Not all reviews were positive, Mary McNamara from Los Angeles Times wrote, "No, the problem with Hannibal is Hannibal. As written by Bryan Fuller and played by Mads Mikkelsen, Hannibal Lecter, therapist-turned-cannibalistic-serial-killer-turned-crime consultant and possibly one of the greatest characters of 20th century popular literature, is just a big drag." Verne Gay from Newsday gave the pilot a "C+" rating and wrote, "And if Will is such a genius at reconstructing crime scenes, why can't he look into that sinister Lecter soul to see the crime scene going on in there? Everyone else in the audience can.
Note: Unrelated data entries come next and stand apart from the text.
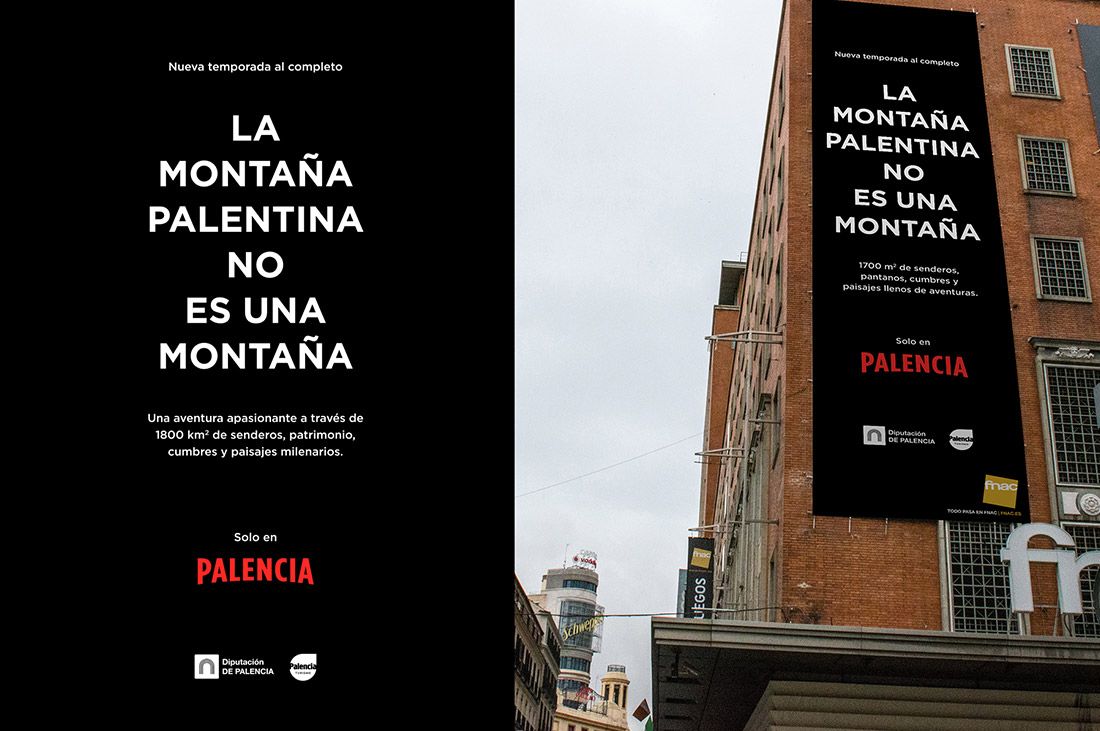 Aplicación de la campaña en una lona de gran tamaño colocada en el Centro Comercial Fnac de Madrid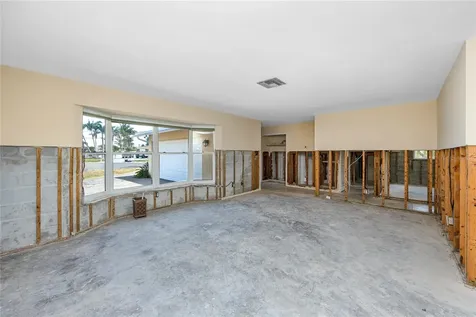 11465 7th Street E Treasure Island FL 33706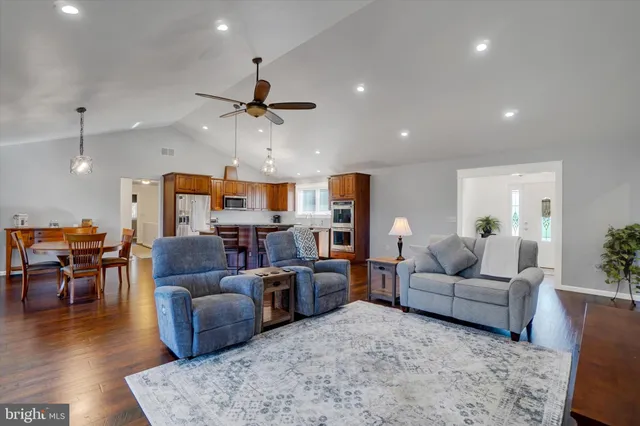 $530,000 | 297 Mill Street, Fawn Grove, PA 17321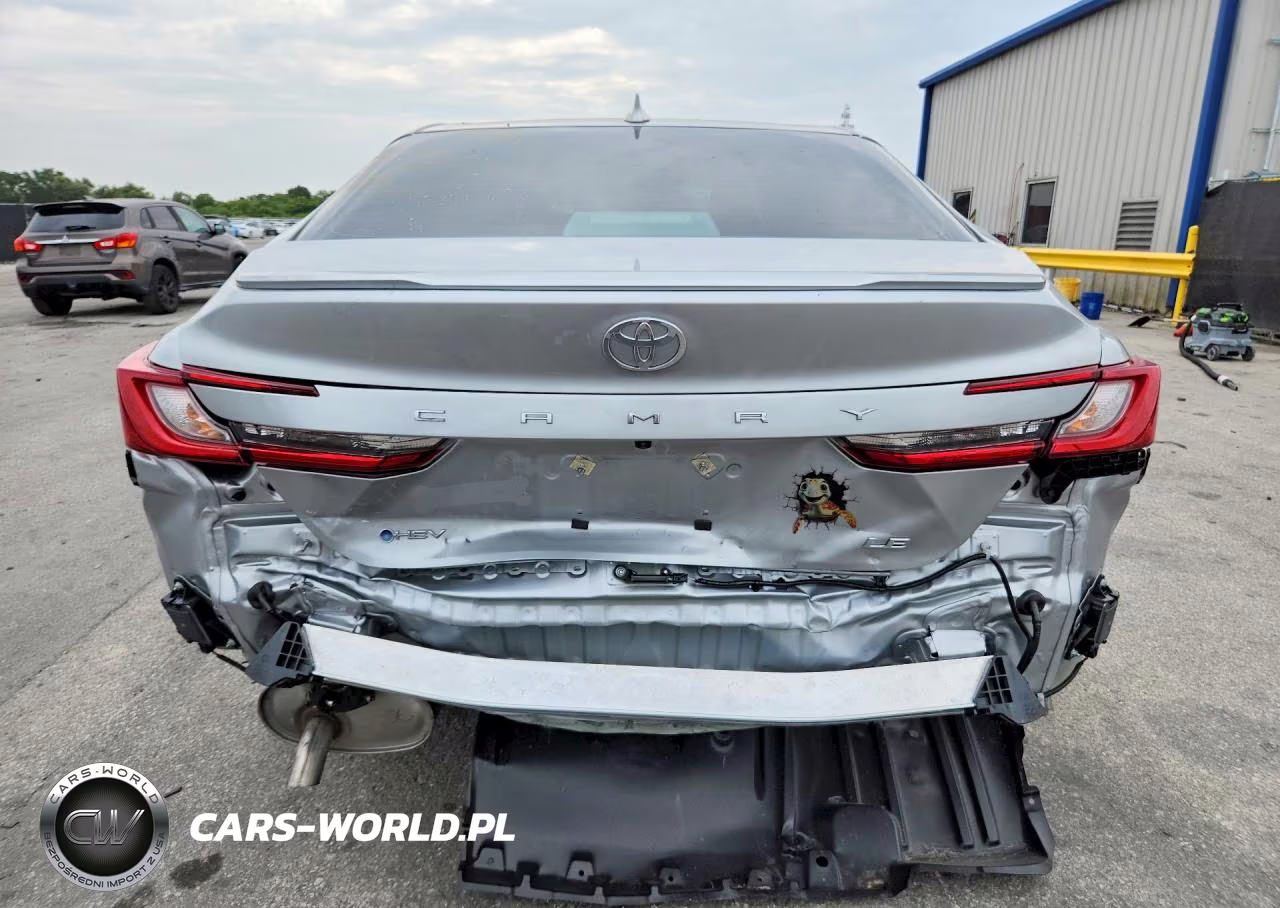 2025 Toyota Camry Le VIN:4T1DAACKXSU096888 - 6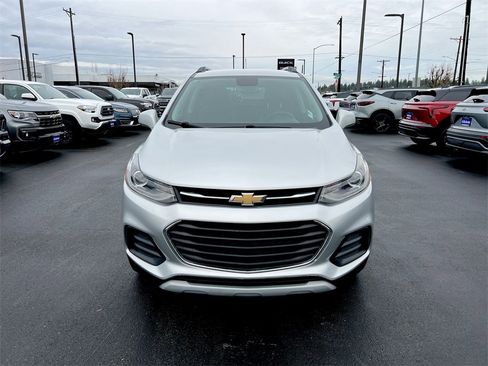 Used 2018 Chevrolet Trax LT w/ LT Convenience Package image 25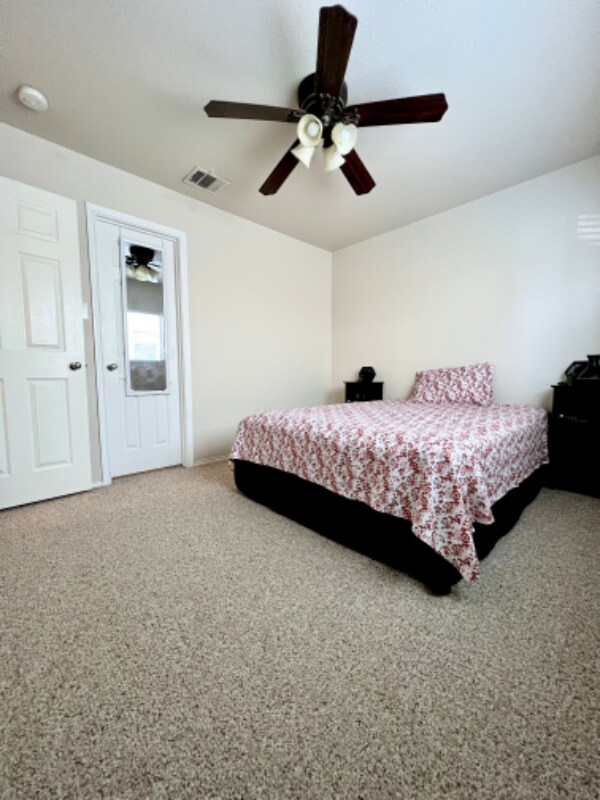 Building Photo - 24707 Maple Crest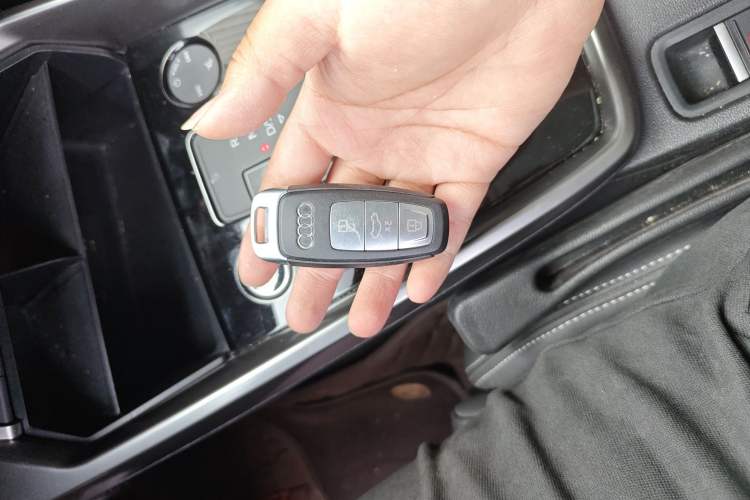 Used Audi A3 2021 Sportback 35 TFSI Fashionable Sports Model Vehicle Key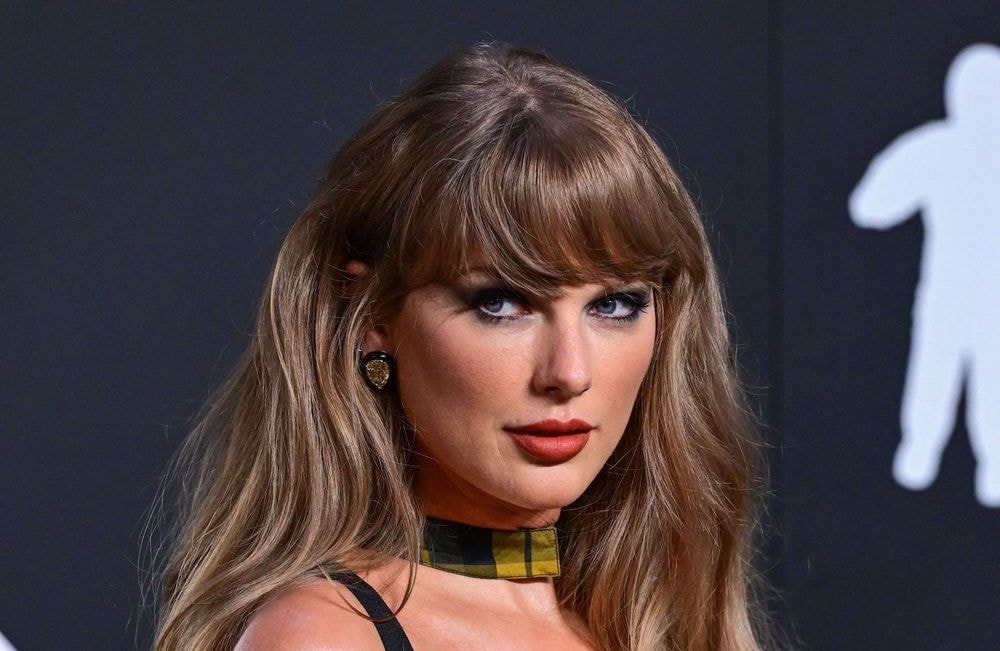 Taylor Swift : sa déclaration d’amour à Travis Kelce sur la scène des MTV VMAs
Hannibal just feels like a waste of a big talent - Fuller's."

Vicki Hyman from The Star-Ledger gave the pilot a "C" rating and wrote, "That's a problem with the show: It takes itself so seriously, yet is so far-fetched, from Lounds' gonzo journalism to Graham's intuitive leaps to the cavalcade of Grand Guignol crime scenes to the pretentious dialogue. (When asked what it's like to put himself in the place of a killer, Graham answers: "It's like I'm talking to a shadow suspended on dust.") Ultimately, the artfully staged but repellent murders is what did me in. I just don't have a taste for Hannibal."